I've been studying livestock dogs for a very long time. I'd love a  breed called a Karakachan. But since there are none around, I thought about starting with a more local dog. There are tons of prys around here. But I'm just not too much of a lover of them. They are good dogs, but the white is so boring. 

Husband has outdoor turtles, and I have chickens, goats, a pig, horse, and cats. I live way out int he country, and am home alone evenings. We've had men come to our house, and being alone with no close neighbors is a little questionable. We need a guard dog to keep the wild dogs, coyotes, and small predators away from our animals, and to ward off unwanted visitors.

We need a dog that will be okay around children, for when we decide to start a family. 

I've found a family that had some puppies for sale within a couple hours of me. They are all gone, but I talked with her and she will be having another litter maybe in the summer. So I got on her waiting list. They look really good to me.


Part of the Ad:
_Mom is purebread Great Pyrenees and Dad is half Great Pyrenees, half Newfoundland, and are guardians over alpacas, rabbits and free range chickens. He is 10 weeks old, comes vet checked and up to date on shots and wormer. He has been observing Mom & Dad and should be an asset to a farm with livestock. _







Here is one of the puppies.





Here is the dad. I think he is beautiful and looks a lot like the Karakachans I so want.

I had a picture of mom but lost it.  She is the dog behind the dad though.

I've looked up Newfoundlands. I know they are not usually used with livestock, but they seem to have good personalities. I don't think they would chase. The people use their dogs on their working farm which is great. 

I will go visit the puppies and see how the parents act around the animals and stuff before making any final choice, but after talking to the lady they seem to do really well. 

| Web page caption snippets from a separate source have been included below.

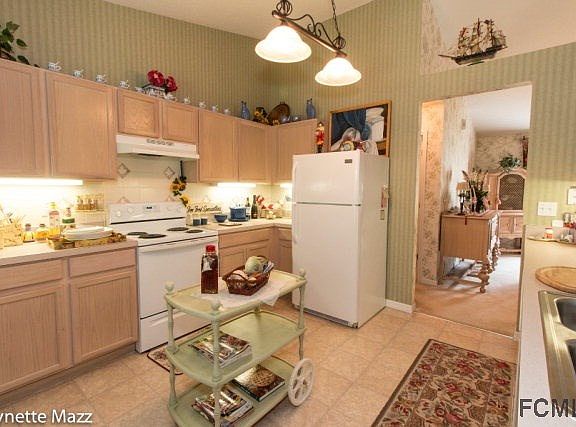 4th image of 175 Ryberry Dr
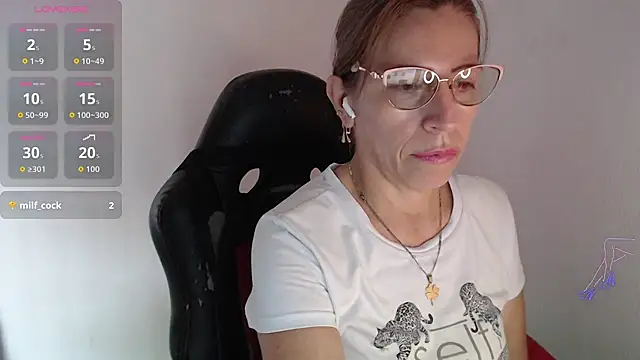Snapshot of Chayla_Ruiz chatting on July 2026 02:56:01 PM Chayla Ruiz online show from July 2026 02:56:01 PM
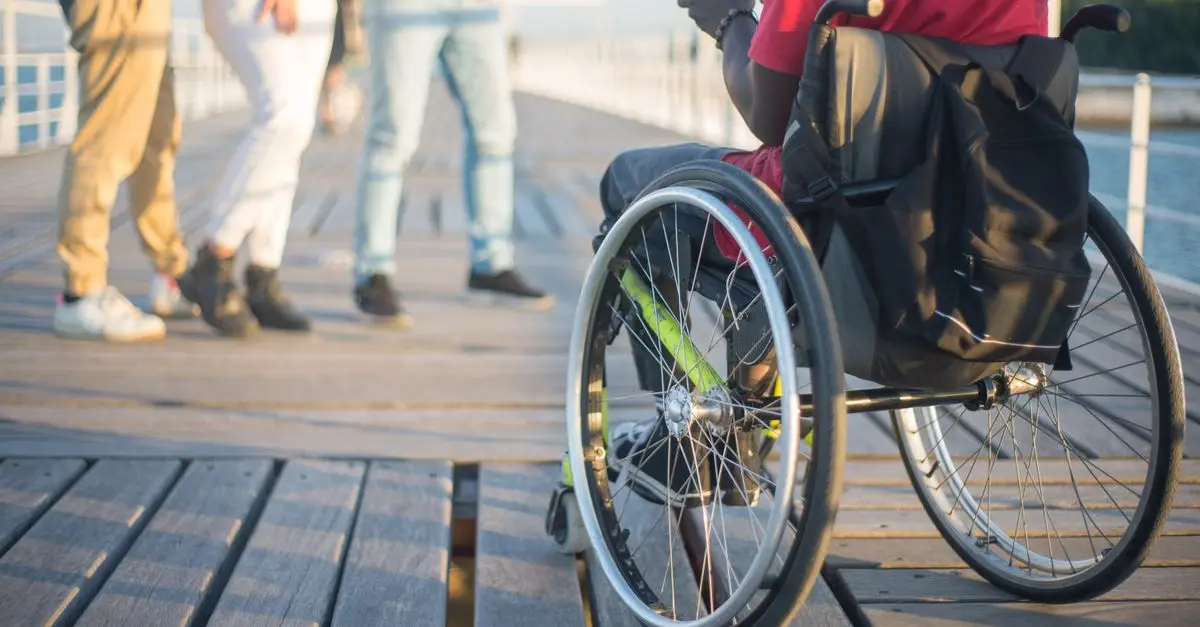 Las mejores actividades turísticas accesibles en grandes ciudades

Do you think this would end in another disaster, because these puppies aren't fullbred livestock dogs?


----------



## littlelambx3

Personally, I use Collies.

I've worked with Collies, and have 2 of my own. Both are amazing working dogs, and do their job. Also have a very sweet personality. Mind you, both have not had any extensive training.  Maybe I got lucky, but my female does amazing. She sits out in front of the barn and guards without even being told to do so.

I'm sure in areas they could use some training, but all in all, they do great.

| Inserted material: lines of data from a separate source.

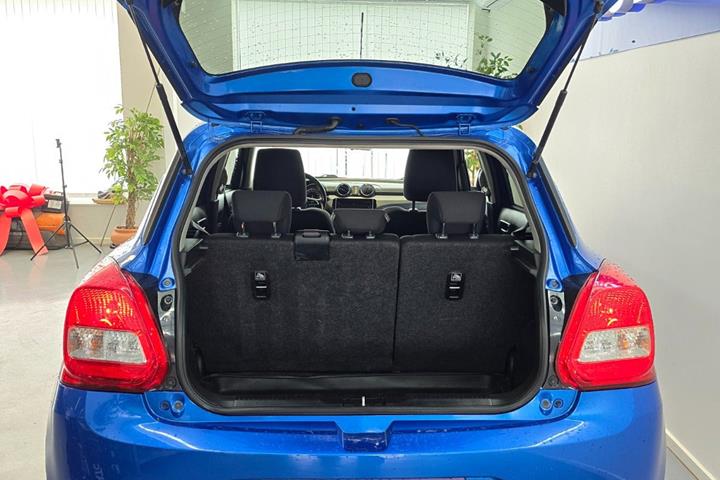 Blå Suzuki Swift fra 2020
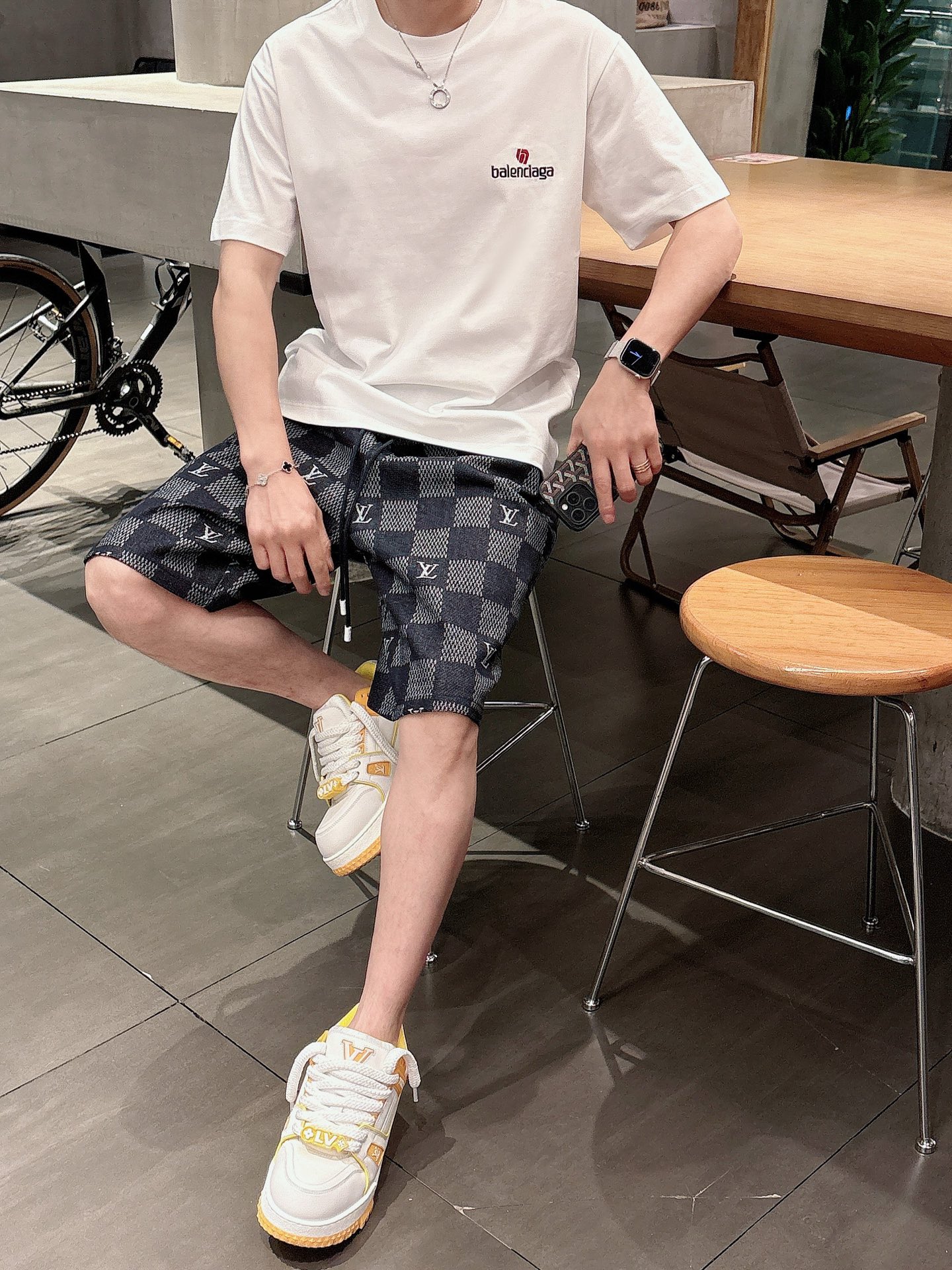 LV  三标齐全    2026夏季新款男士休闲短裤，高级定制面料透气面料 透气弹力舒适度极高，细节无可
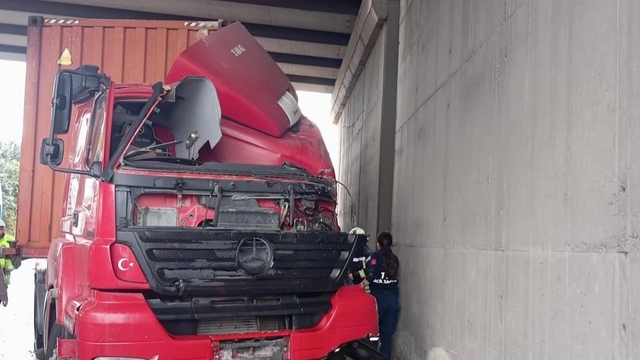 Kaza sırasında düşüp kullandığı TIR'ın altında kaldı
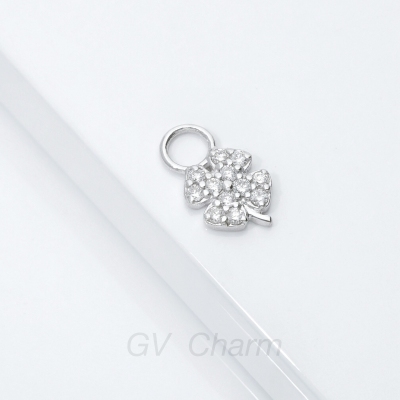 Four-leaf clover charm in white gold 18k with diamonds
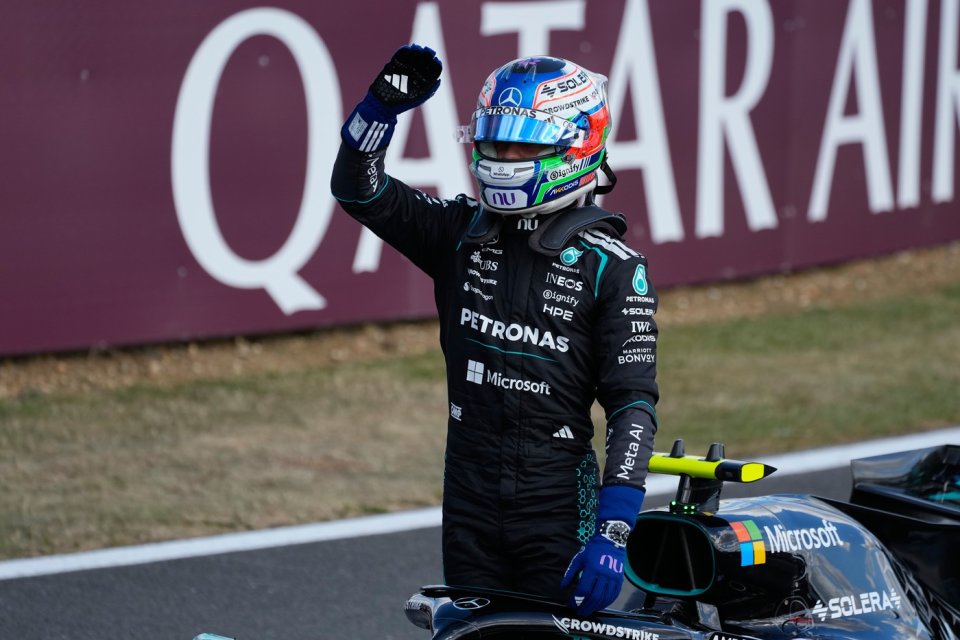 Kimi Antonelli pleacă din pole-position în Marea Britanie, urmat de piloții Ferrari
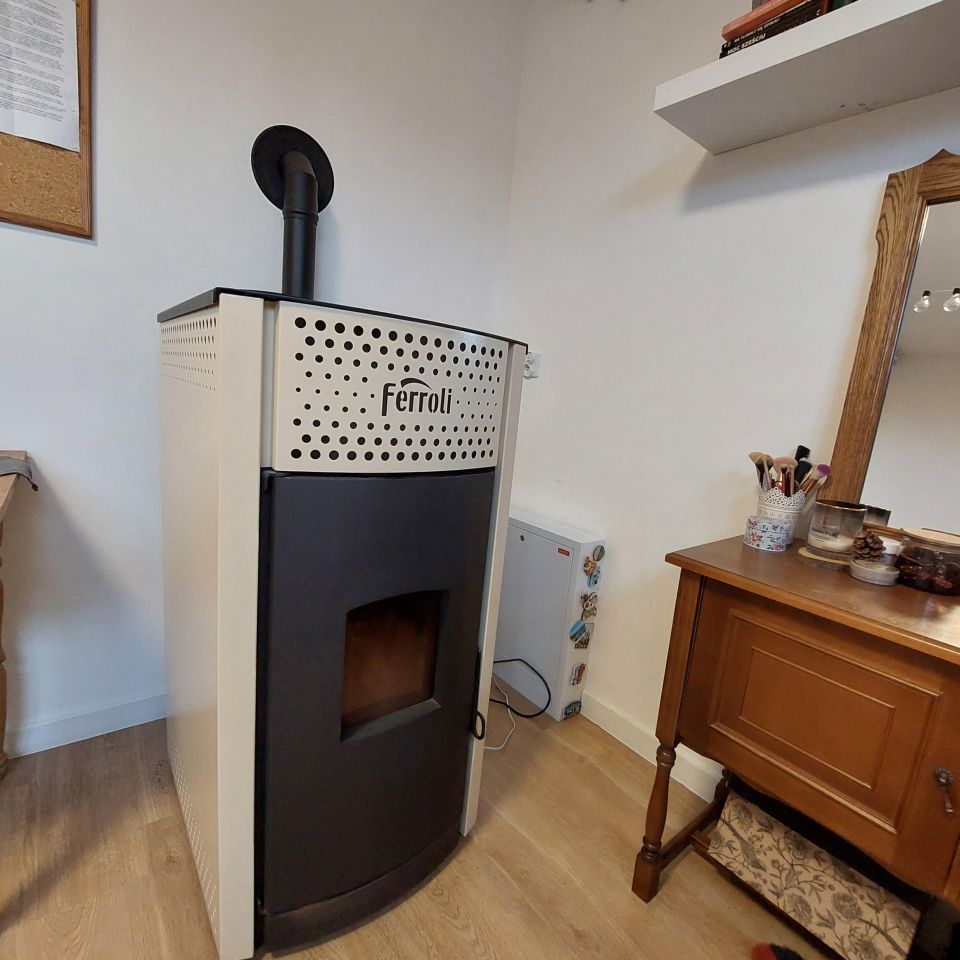 Mieszkanie 3-pokojowe Rzeczyca Wielka. Zdjęcie 11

I think with hard work and put time into the pup, it should be fine. I'd keep reading up and looking around just to be sure though.


----------



## KinderKorner

There are some collie/pry puppies around here. 

I'm a little scared to use a herding bred for guarding though. 

I'd like to be able to keep the dog inside the goat fence with the goats. So I don't want something hyper that will chase. 

Collies do seem like great dogs though, my mom has been trying to talk me into one forever.


----------



## terrilhb

Just from my short experience. Lots and lots of training. Last march I got 2 puppies. They are GP/Husky/Lab. Took alot of training especially with my chickens. And thanks to people on here and their knowledge they have turned out to be fantastic. They turned 1 yr in Jan. Great with the goats especially babies and good with the chickens now. Chicks we are still working on. They do their job very well. Even raise cane at the evil deer that come out at night.  The parents you posted are gorgeous. Here are what my 2 look like now. 
	

	
	
		
		

		
		
	


	




 I hope you like what you see when you go visit. Good luck.


----------



## Southern by choice

The newfie in it isn't too bad... they are pretty laid back dogs.

Herding dogs are great dogs however they lack the size and power to take down larger predators. Many herding dogs do not do well with fulltime livestock guarding because they are generally wired very different, I do not see them as LGD's because their function is different.

I have both, 3pyrs and 1 anatolian also one GSD(top working lines). I love my GSD's but they are very quick and generally moving often which causes grief to livestock. Our old now desceased GSD ONCE OLDER was very calm and guarded well.

I love the herding group they are wonderful dogs and they can be fierce protectors but they still lack power and size.


----------



## littlelambx3

KinderKorner said:
			
		

> There are some collie/pry puppies around here.
> 
> I'm a little scared to use a herding bred for guarding though.
> 
> I'd like to be able to keep the dog inside the goat fence with the goats. So I don't want something hyper that will chase.
> 
> Collies do seem like great dogs though, my mom has been trying to talk me into one forever.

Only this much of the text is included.